Enfrentar la corriente solos, es imposible. Tiene mucha más fuerza que nosotros, no se cansa nunca, no le asaltan dudas ni vacilaciones y termina siempre doblegando hasta al más guapo. En soledad, nos ahogamos seguro (“Sin mí, nada podéis hacer”).

¿Cómo podríamos salvarnos de ahogarnos, impotentes? La respuesta que Jesucristo siempre nos propone es justamente “la barca de Pedro”, la Iglesia, la Comunión con Él (la unión en común), de todos los que estamos en ella.

En esta barca hay lugar para todos. Lugares distintos para personalidades y carismas diversos, pero todos contenidos y a salvo en ella, sumando nuestras fuerzas para remar.

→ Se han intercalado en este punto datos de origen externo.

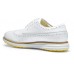 Cole Haan Men's OriginalGrand Golf White Shoes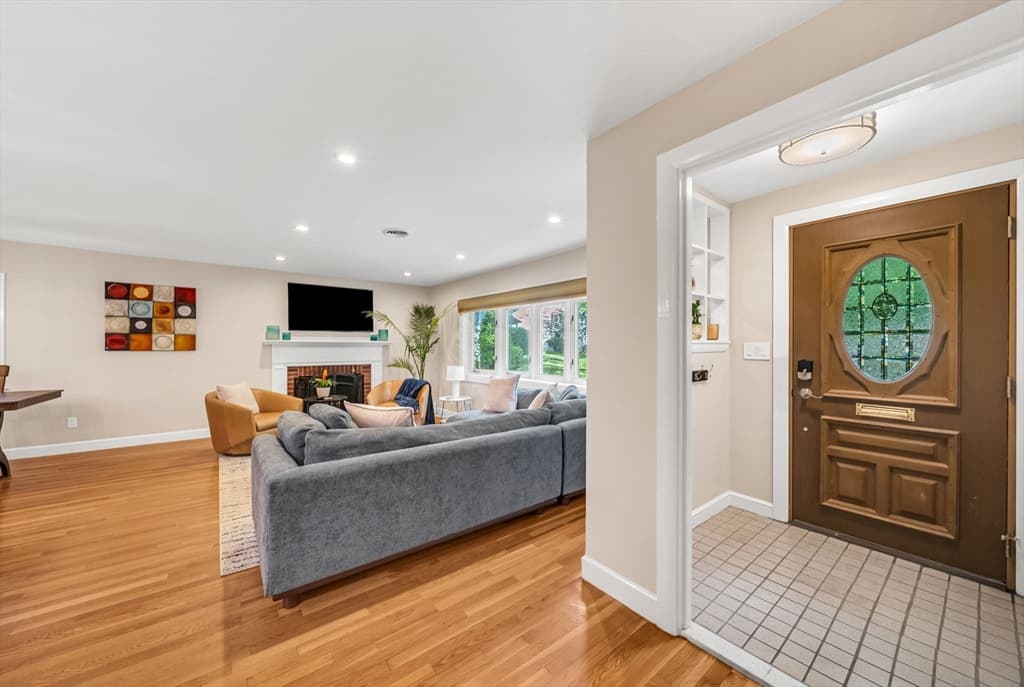 Casa em Needham — foto 4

En ella se escucha la voz del Padre y la del Hijo, y la mano solidaria nos enseña a usar mejor nuestra libertad.

En ella los sacramentos nos revitalizan, devolviéndonos la fuerza y la vida que la corriente de la vida mundana nos arranca. El agua que ahí se bebe hace que uno nunca más vuelva a tener sed y el pan que ahí convidan hace vivir eternamente. Sólo en ella se ofrecen salvavidas de permanente reconciliación con Dios.

Y, para mejor, a bordo descubrimos realidades muy esperanzadoras: el Capitán está presente entre nosotros, cuando dos o más nos reunimos en su nombre, el piloto que nos guía y protege en el viaje es su Santo Espíritu, y además, nos acompaña durante toda la singladura hasta “la hora de nuestra muerte”, su Santísima Madre.

¿Cómo podríamos viajar mejor? ¡Bienvenidos a bordo!